Chairs
Dr Alyson Santoro, University of California, Santa Barbara, USA
Dr Alyson Santoro, University of California, Santa Barbara, USA
Dr Alyson Santoro is an Assistant Professor in the Department of Ecology, Evolution and Marine Biology at the University of California, Santa Barbara. Alyson’s research focuses on microbes involved in nutrient cycling in the ocean, especially of the element nitrogen. She is interested in cultivating new microbes and discovering novel ways of tracking their activity. This research combines laboratory experiments with field observations, and to date has used genomics, transcriptomics, proteomics and stable isotope geochemistry as tools to uncover the activity of microbes in the mesopelagic ocean.
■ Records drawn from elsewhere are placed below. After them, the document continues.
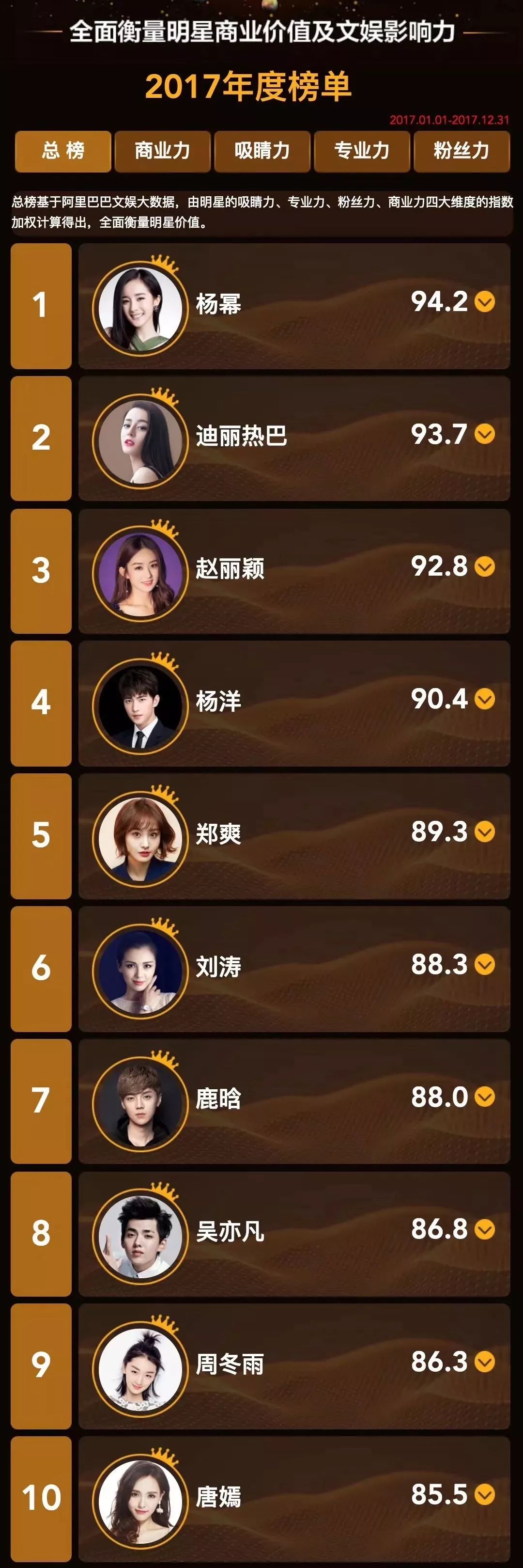 C位出道就锁定偶像剧男主,蔡徐坤的流量到底在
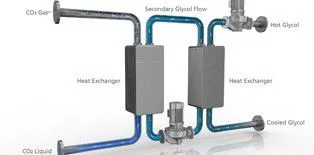 ReVap cuts CO2 production costs by 30% - Union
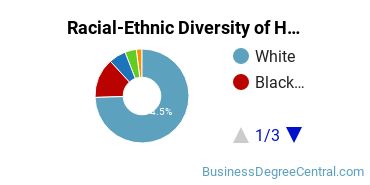 Racial-ethnic diversity of Human Resource Management majors at Concordia University-Saint Paul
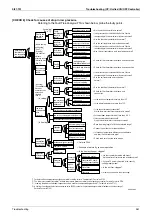 Preview for 362 page of Daikin VRV III REYQ10PY1 Service Manual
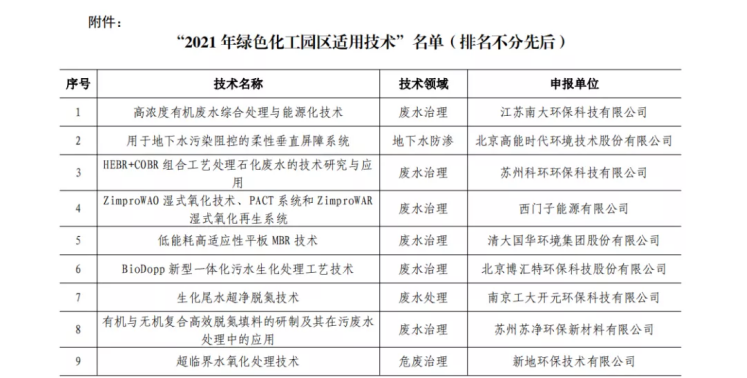 鸿运国际·登录(中国)官方网站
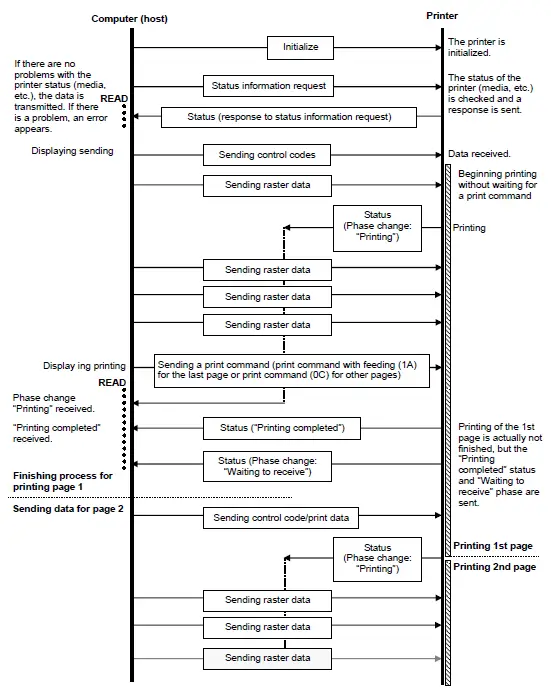 brother-cv-ql800-High-speed-Professional-Label-Printer-15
A particular focus of the lab is the marine archaea, a largely uncultured group of microbes. Findings from their recent research include the discovery that archaea in the ocean can make the greenhouse gas nitrous oxide, and that some marine archaea have exceptionally small genomes. Alyson received her PhD in Environmental Engineering at Stanford University and completed a postdoctoral fellowship at Woods Hole Oceanographic Institution.
09:00-09:30
Short-range interactions govern cellular dynamics in microbial multi-genotype systems
Professor Martin Ackermann, ETH Zurich and Eawag, Switzerland
Abstract
Many microorganisms live in communities that are spatially structured, for example in biofilms. Such communities exhibit activities and functions that are shaped by metabolic interactions between the community member. Interactions are expected to mainly occur between cells that are close in space. As a consequence, the nature and strength of the interactions that will occur will depend on the spatial arrangement of different types of microbial cells. In turn, the spatial arrangement is expected to be shaped by metabolic interactions, which determine regions where a given cell type grows well. The Ackermann group’s goal here is to better understand this interplay between the spatial arrangement of different types of microbial cells and the interactions that arise between them. Working with synthetic consortia of different E. coli strains with well-defined metabolic interactions, Martin can quantify the spatial range over which interactions occur and understand the consequences for the spatial self-organisation of these multi-genotype systems. The goal of this work is to contribute to identifying general principles that govern how different types of microorganisms organise in space, and how this spatial self-organisation shapes the activities and functions of microbial systems.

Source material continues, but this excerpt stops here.